▸ **Requirement**:
Set down, exactly and with nothing added, the lines running from the one that holds "Bonnet classique pure laine - marine Bonnet" to the final line of the records. Pictures stay out of the copy.

Data provided Start Marker

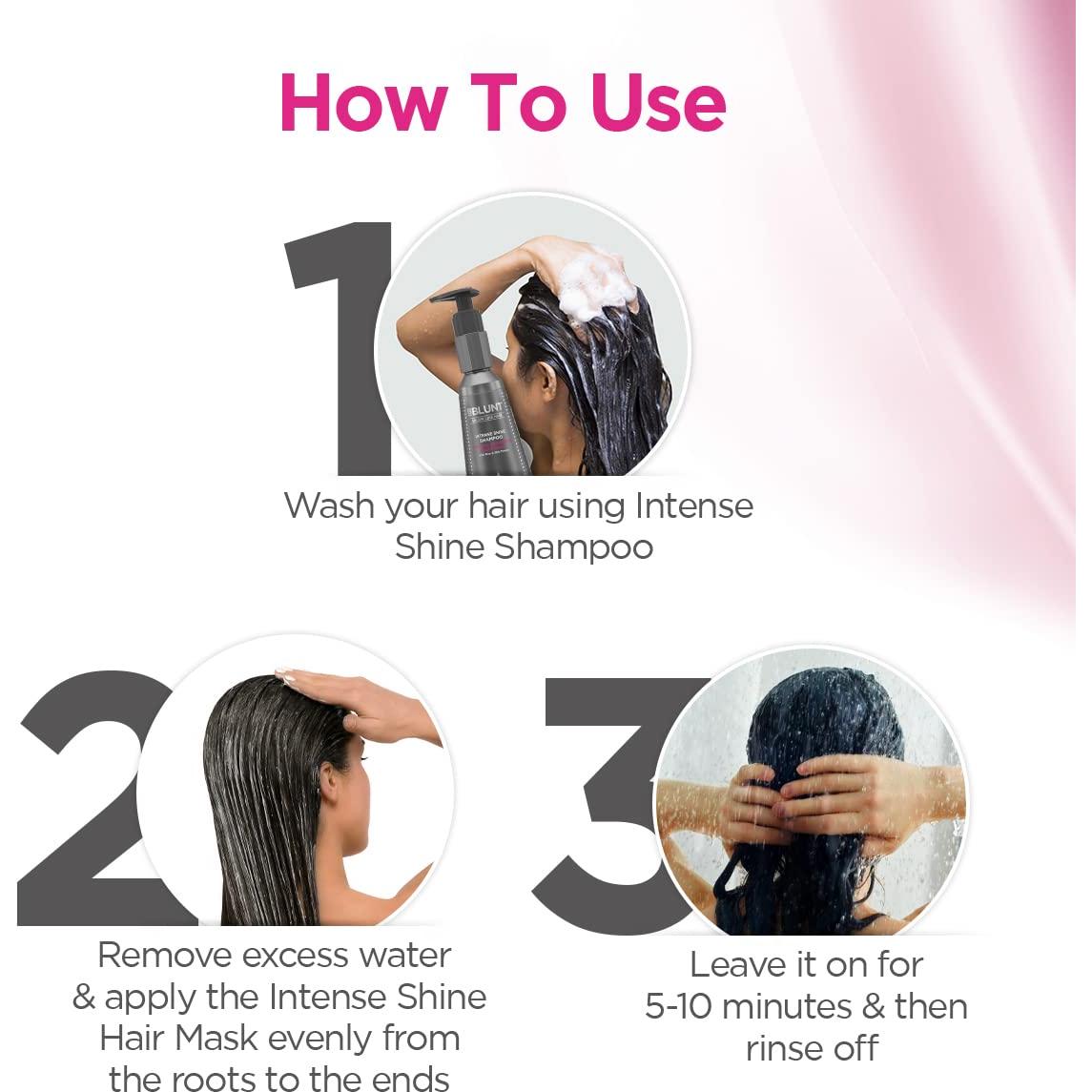 Mascarilla Capilar Brillo Intenso BBLUNT 250g - Proteína de Arroz y Seda
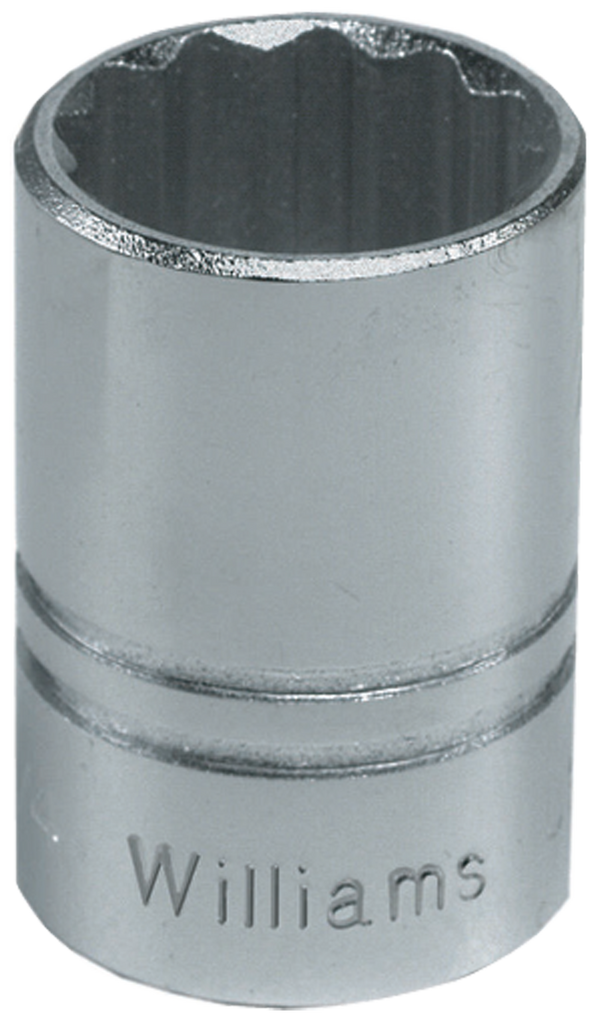 1-1/2" - 1/2" Drive - 12 Point - Standard Socket - Top Tool & Supply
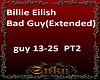 B.Eilish-Bad Guy  PT2
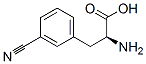 L-3-氰基苯丙氨酸結(jié)構(gòu)式_57213-48-6結(jié)構(gòu)式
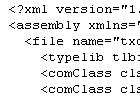 Registration-free COM applications with TX Text Control ActiveX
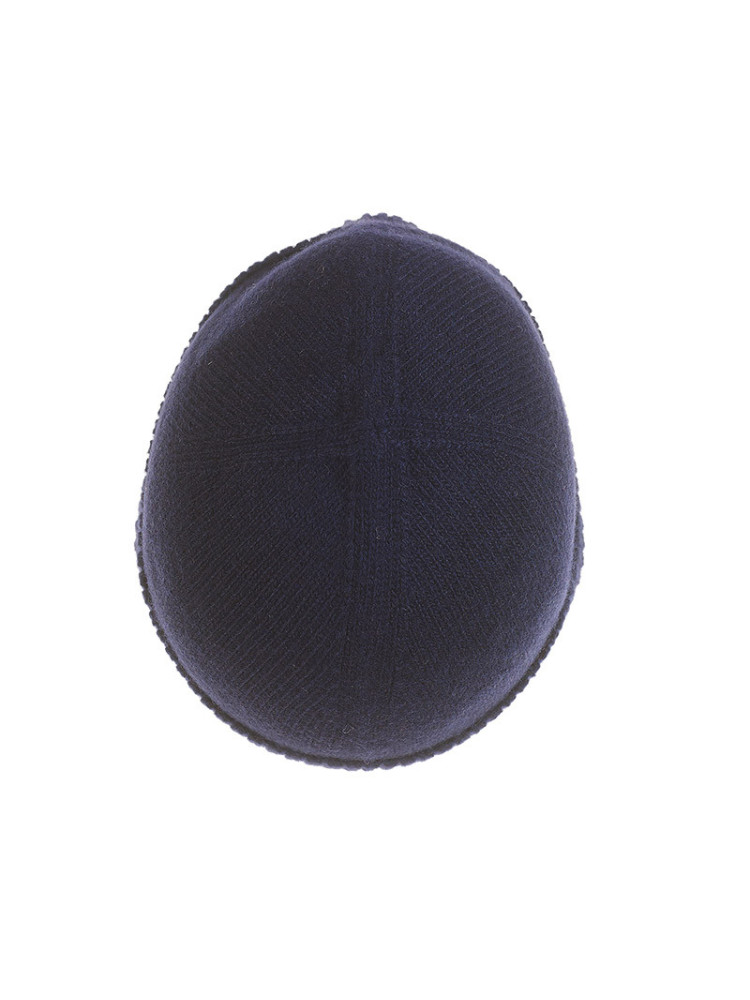 Bonnet classique pure laine - marine Bonnet classique pure laine - marine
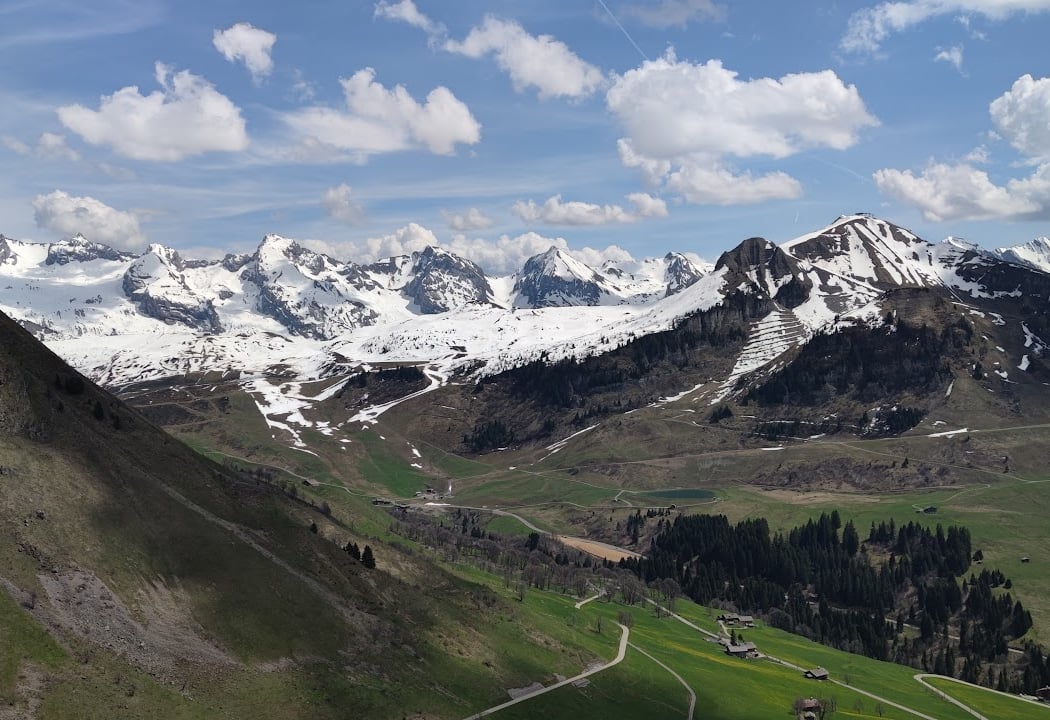 Rochers d'escalade du Jallouvre 1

Data provided End Marker

▸ **Result**:
 Bonnet classique pure laine - marine Bonnet classique pure laine - marine
 Rochers d'escalade du Jallouvre 1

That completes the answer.